El comunismo llegó a tener el 30% del electorado. Eso explica por qué tiempo después, Hitler lo eligió como el primer blanco. Sabía que de fracasar, el voluble electorado se inclinaría por la opción opuesta, que ya se había mostrado cautelosa. Los dirigentes comunistas fueron perseguidos y encarcelados, la organización prohibida. Pero a los pocos meses, los nazis se dieron cuenta que eso no alcanzaba dado que los votantes que habían votado a los comunistas podían inclinarse por otras propuestas, alguien podía usufructuar ese descontento. Fue allí que Hitler decidió prohibir todos los partidos políticos.

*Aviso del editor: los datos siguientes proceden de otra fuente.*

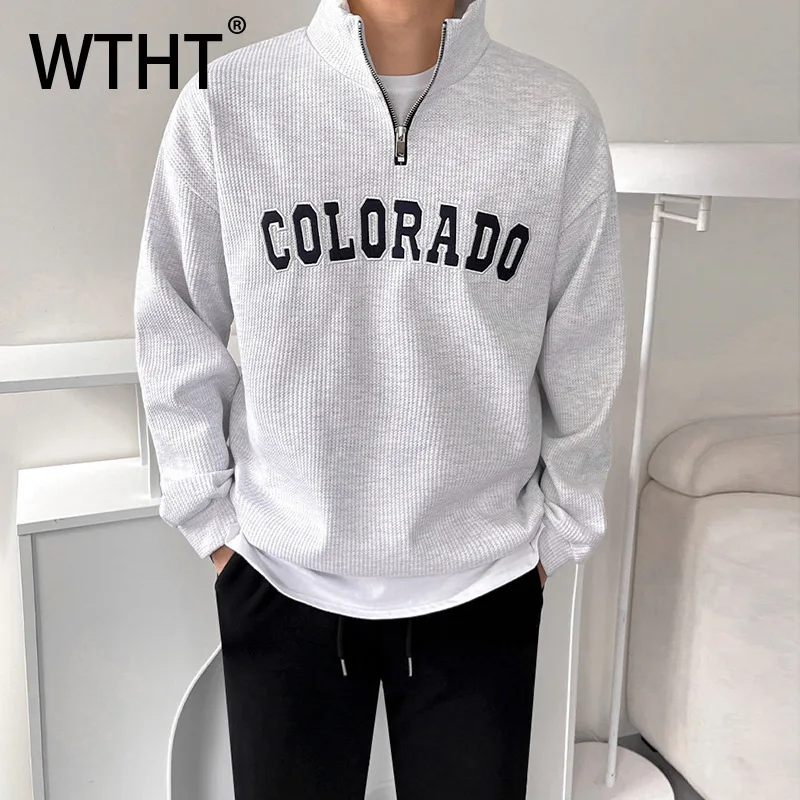 WTHT New Trendy Men‘s Letter Embroidery Zipper Design Sweatshirt 2025 Summer Fashion Lapel Long Sleeves Pullovers Male 2A0907
WTHT New Trendy Men‘s Letter Embroidery Zipper Design Sweatshirt 2025 Summer Fashion Lapel Long Sleeves Pullovers Male 2A0907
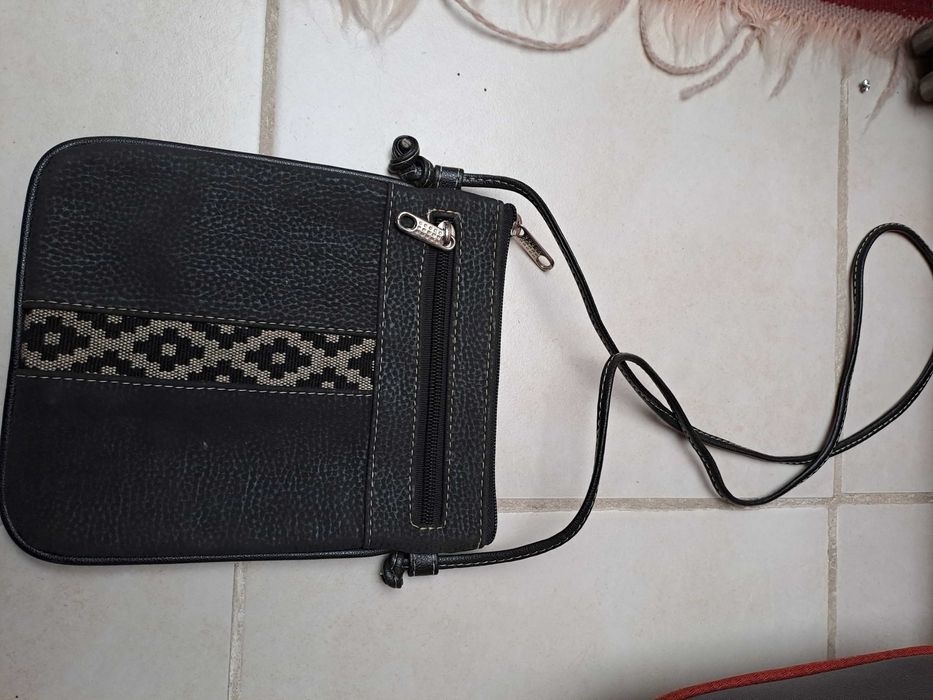 Malas em pele verdadeira!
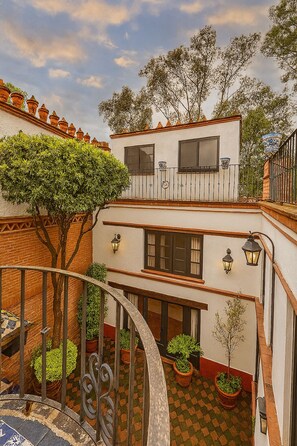 Terrace/patio - Casa Boutique Coyoacán, Exclusivo Diseño Colonial (Mexico City)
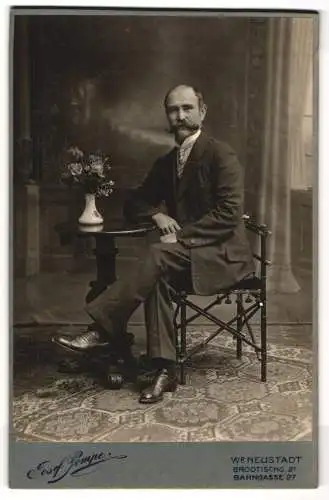 Fotografie Josef Pompe, Wiener Neustadt, Brodtischgasse 21, Eleganter Herr im Anzug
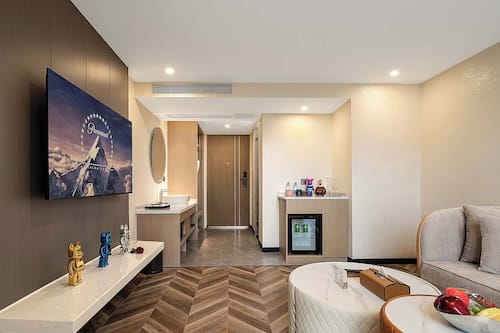 Traditional-Doppelzimmer, Stadtblick | Daunenbettdecken, Verdunkelungsvorhänge, schallisolierte Zimmer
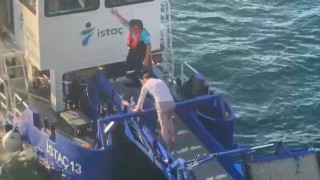 Galata Köprüsünden denize düşen kadını, peşinden atlayan vatandaş kurtardı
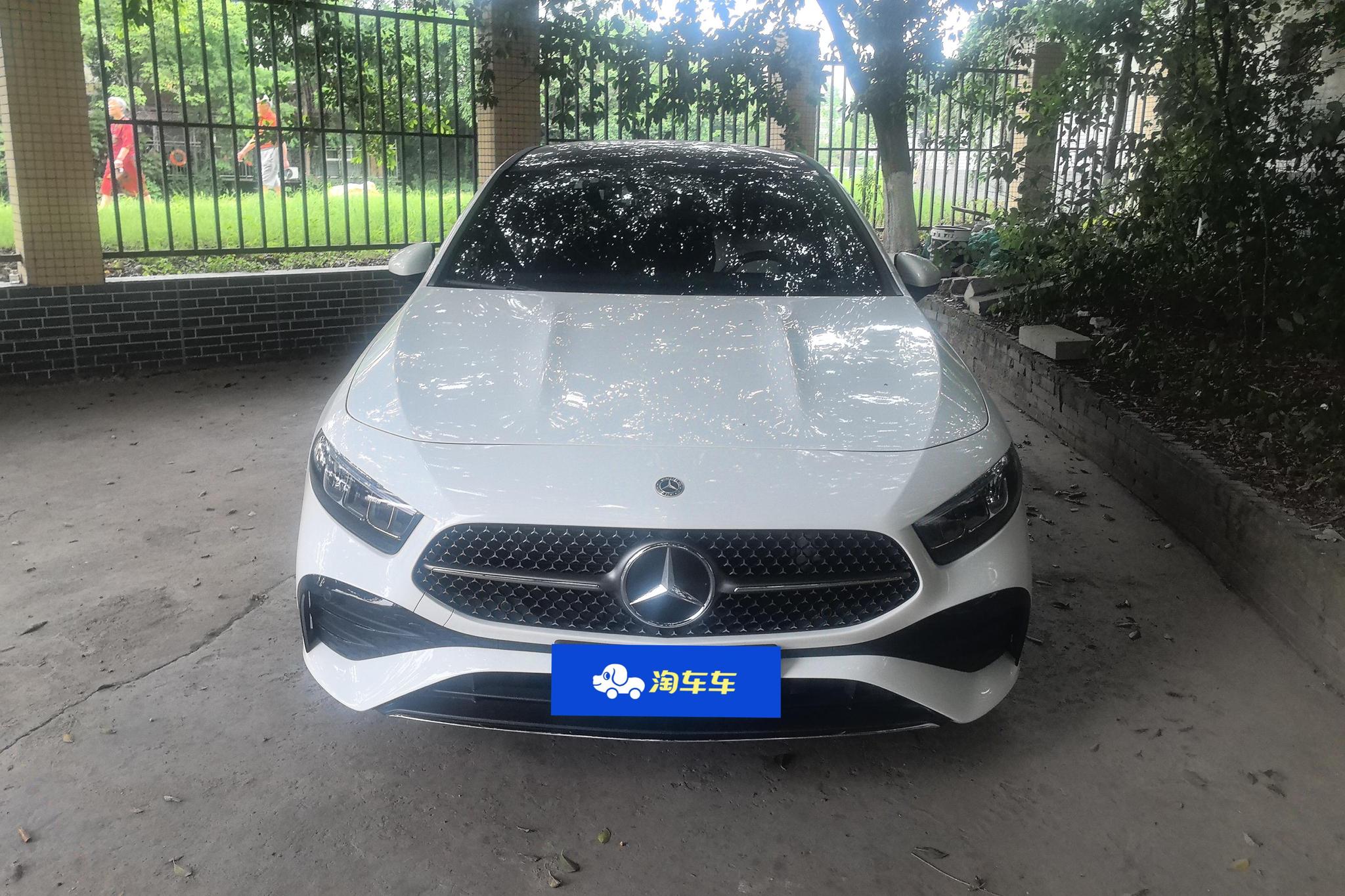 Mercedes-Benz A-Class A 2023 A 200 L Sport Fashion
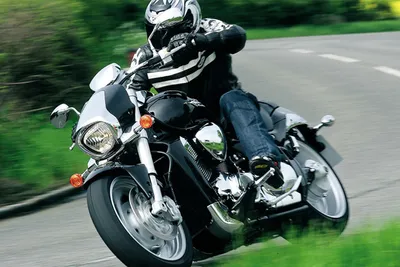 Suzuki M1800R Intruder | Futuristic motorcycle, Bobber motorcycle, Custom  motorcycles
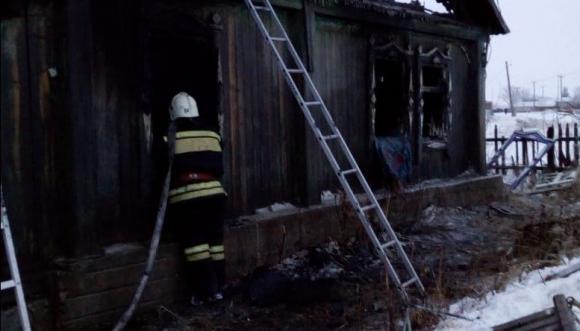 Четверо детей и двое взрослых погибли при страшном пожаре в алтайской деревне (дополнено)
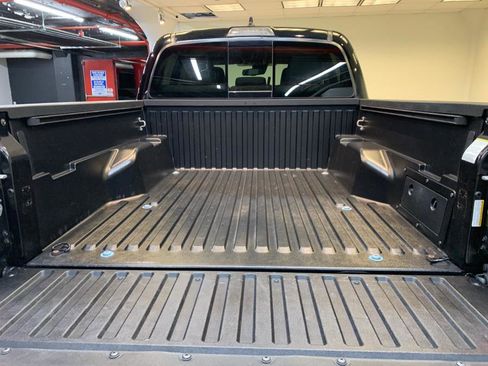 Used 2021 Toyota Tacoma SR5 image 39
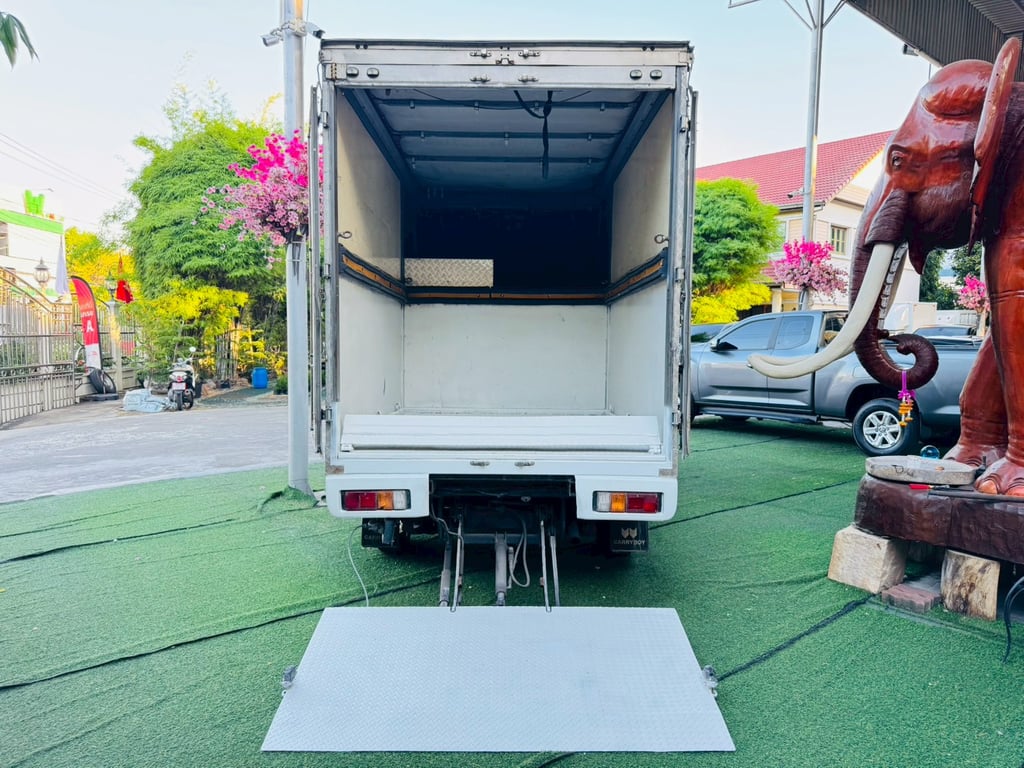 ตู้แห้ง + ลิฟท์ยกฝาท้าย ไฮดรอลิกส์ #รถมือสองISUZU D-MAX SPARK 1.9 Ddsi ปี 2020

El partido nazi fue que más votos sacó en las elecciones legislativas 1932. Llegó al 37% de los votos. Sin embargo no pudo alcanzar la mayoría necesaria para formar gobierno. Y en la elección presidencial fue vencido en segunda vuelta por Hindenburg, que ya anciano con 83 años, no pudo, según deseaba, retirarse: le pidieron que se presentara porque era el único capaz de frenar a Hitler.
Hitler y Goebbels pusieron en marcha un nuevo sistema proselitista. Subidos a lo que producía esa oratoria histérica y siempre asertiva, que eludía los giros formales con los que los políticos se solían expresar y ahondando en las heridas, en las llagas, de la desesperante situación económica no sólo utilizaron panfletos y carteles con sus propuestas e invectivas contra los oponentes. Hitler, gracias al novedoso esquema diseñado por Goebbels, llegó hasta cada gran ciudad y distrito importante alemán. Con un avión viajaba a las poblaciones y entraba en contacto directo con el electorado. Era el único que lo hacía.
El historiador Henry Ashby Turner en su libro A Treinta Días del Poder narra cómo fueron los movimientos, las negociaciones y hasta los equívocos que pusieron a Hitler frente a la cancillería a principios de 1933. Y aclara que Hitler no tomó el poder, en el sentido de haber forzado las instituciones, sino que le fueron abiertas las puertas del gobierno. Y él aprovechó la ocasión.
Los gobiernos alemanes eran muy inestables. Nadie conseguía los apoyos legislativos necesarios y la situación económica atroz añadía incertidumbre. Había elecciones cada pocos meses y los gobernantes duraban muy poco en el poder. Esa insatisfacción fue aprovechada por Hitler que era muy mal mirado por el resto de la clase política.
Tejió algunas alianzas, hizo promesas que no pensaba cumplir, presionó a von Hindenburg y aceptó tener en su primer gabinete sólo dos ministros de su confianza, en carteras no demasiado relevantes. Comprendió que ese era el precio para acceder a lo más alto. Pero también sabía que si no modificaba varias situaciones, sino construía poder y eliminaba a los enemigos y a las amenazas que lo rodeaban (casi lo acosaban), su paso por la primera magistratura sería efímero.
Le había costado llegar hasta ahí y estaba dispuesto a todo para hacerlo. La prohibición de los partidos políticos fue el último paso.
Sus rivales lo subestimaron. Alguien pensó que con lo grave que era la situación del país, Hitler serviría como fusible, que al permitirle llegar al poder lo neutralizaban para siempre porque fracasaría con mucha velocidad. Esa subestimación, al muy poco tiempo, se reveló como un erro colosal.
Tal vez la primera señal pasó desapercibida y fue la misma noche del 30 de enero cuando fue nombrado Canciller. Los partidarios nazis salieron a festejar a las calles. Marcharon con antorchas, celebrando y hasta atemorizando al resto. Ese fue el primer aviso de que lo que vendría sería diferente a lo que se había vivido hasta el momento. Los gobiernos que lo antecedieron no habían provocado ese entusiasmo.
En los meses siguientes Hitler les demostró el error que habían cometido. Aquellas promesas de campaña, que hablaban de grandeza, de recuperar el territorio perdido en la guerra anterior, de limpieza racial, de regresar a lo germánico y que se referían a la eliminación de lo distinto, estaba dispuesto a cumplirlas. El incendio al Reichstag, la Noche de los Cuchillos Largos, la Ley Habilitante, la eliminación y proscripción de los opositores, las medidas antisemitas, el desarrollo de las fuerzas paramilitares y su incorporación a la estructura formal del estado, las leyes arbitrarias que sólo estaban destinadas a darle más poder.
En seis meses, Hitler ya estaba asentado en el poder y el Tercer Reich y la matanza atroz se habían puesto en marcha.